**Exercise directions**: What you return should match the data below exactly, with no pictures in it.

**Data segment**:
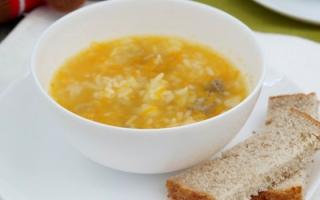 Телешка супа - най-добрите рецепти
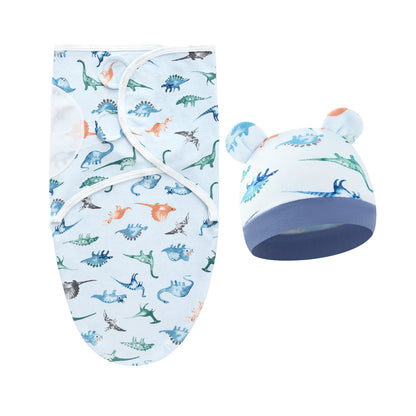 Baby swaddling blanket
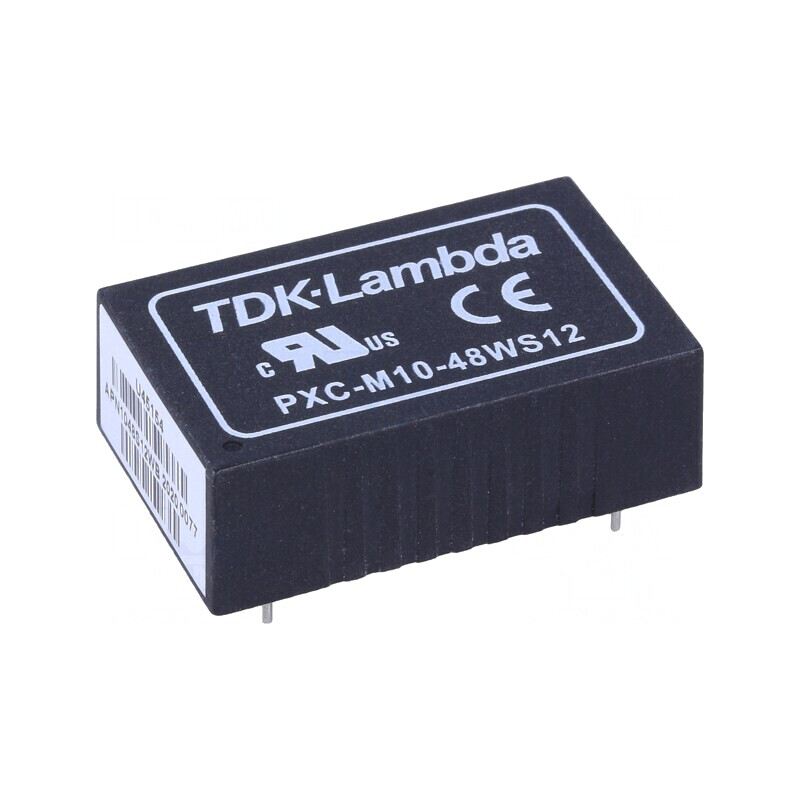 Convertor DC/DC 10W 18-75V Intrare 12V Ieşire 830mA DIP24 | Electronic-mag.ro | Componente Electronice Convertor DC/DC 10W 18-75V Intrare 12V Ieşire 830mA DIP24 | Electronic-mag.ro | Componente Electronice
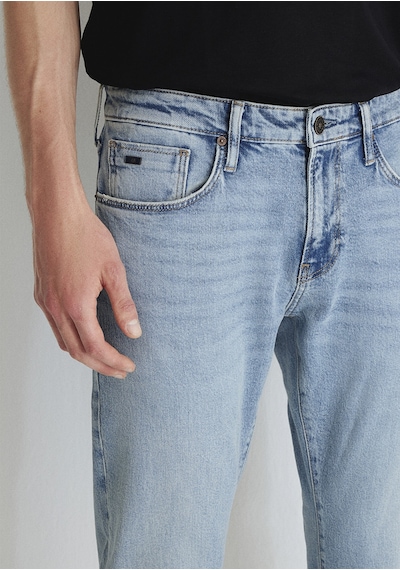 Mavi - Jake Classic Denim Puslu Açık Mavi Jean Pantolon 0042286799 Açık Mavi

**Output for this exercise**:
 Телешка супа - най-добрите рецепти
 Baby swaddling blanket
 Convertor DC/DC 10W 18-75V Intrare 12V Ieşire 830mA DIP24 | Electronic-mag.ro | Componente Electronice Convertor DC/DC 10W 18-75V Intrare 12V Ieşire 830mA DIP24 | Electronic-mag.ro | Componente Electronice
 Mavi - Jake Classic Denim Puslu Açık Mavi Jean Pantolon 0042286799 Açık Mavi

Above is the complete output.